Five reasons to get your saving plans on track
No matter how much we enjoy our working lives, retirement has always been something to look forward to. From travelling the world to living comfortably and being able to treat the grandchildren, whatever retirement means to you, it is unquestionably a time of life that we should be able to fully enjoy.
However, several factors are currently putting a lot of pressure on our pension pots, meaning that the dream of a ‘comfortable retirement’ is proving increasingly harder to achieve. Despite this, shocking statistics from the Money Advice Service reveal that more than half of people in the UK either aren’t saving at all for their retirement, or they aren’t saving nearly enough to give them the standard of living they desire.
Here, we look at five key reasons why you need to get your saving act together as soon as possible:
1. Retirement could last longer than you think
Although increased life expectancy is a perk of modern life, many of us do not realise the implication this has for our pension pots.

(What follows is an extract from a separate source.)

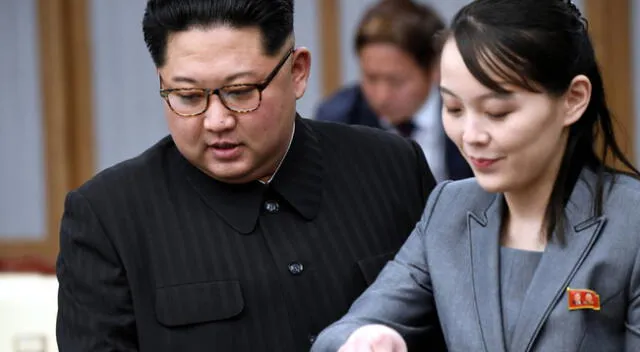 El líder norcoreano, Kim Jong-un, junto a su hermana, Kim Yo-jong.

According to statistics from the ONS, the average life expectancy at age 65 years in the UK is another 18.6 years for men and 20.9 years for women – that’s a long period of time for our saving pots to support us over! Instead of focusing on one big retirement perk, such as a luxury holiday, it’s important to think about how you want your day-to-day life to look, as we face the prospect of possibly living well into our eighties – and beyond.
2. The State Pension may only cover basic needs
Although most of us will receive a State Pension, we have to be realistic about what this will cover. For those reliant on state support, the question might not be how to retire successfully, but how to retire at all. It is vital, therefore, that we take personal responsibility for our own retirement finances. In addition to this, the Government is proceeding with an accelerated increase in the State Pension age. From 2020, it will be 66 for men and women, increasing to 67 between 2026 and 2028, and then linked to life expectancy after that. The Office for Budget Responsibility has warned that many of those who are working today might not be eligible for a State Pension until they are 70.
3. You might have misjudged how far your savings will stretch
There is little awareness about how much retirement income a savings pot can translate into. On average, Britons believe that a pot of £233,000 will be enough for their desired retirement income of £26,000 a year. But research suggests that they need to save at least £525,000 for this income, even with the State Pension (source: BlackRock, Investor Pulse Survey, 2017). This uncomfortable realisation about how far a pension pot will go is evident in a recent study by Aviva, which found that 63% of over-50s in employment are now planning to retire later than they thought they would 10 years ago: 38% of which say it is because they have insufficient pension savings.
4. It can be hard to catch up
When it comes to future planning, the sooner you start to save, the better. This way, the more time you have to benefit from compound interest, which enhances the value of your savings due to a snowball effect. It’s worth saving each pound you have now to take advantage of the benefits you gain later – it will give you far more freedom and control over your lifestyle down the road.
5. The burden of saving has shifted
More of the burden of saving has moved from employers to employees, meaning that the majority of today’s workers are now solely responsible for making their own financial provision for retirement. In the face of rising life expectancy and spiralling costs, the trend has been for employers to wind up their defined benefit (final salary) schemes in favour of their less costly, and in many cases, less favourable defined contribution counterparts.
The time is now
As we have seen, saving for retirement has never been so important. It’s imperative that we start saving to help fund a comfortable old age – without a long-term financial plan, we run the risk of outliving our savings. Many experts warn that the end of defined benefit pension schemes, chronic under-funding of defined contribution pensions, and increasing life expectancy are creating a perfect storm that threatens to destabilise the financial wellbeing of millions of future retirees. Put simply: a comfortable retirement can only be assured if we take the right steps to save enough money.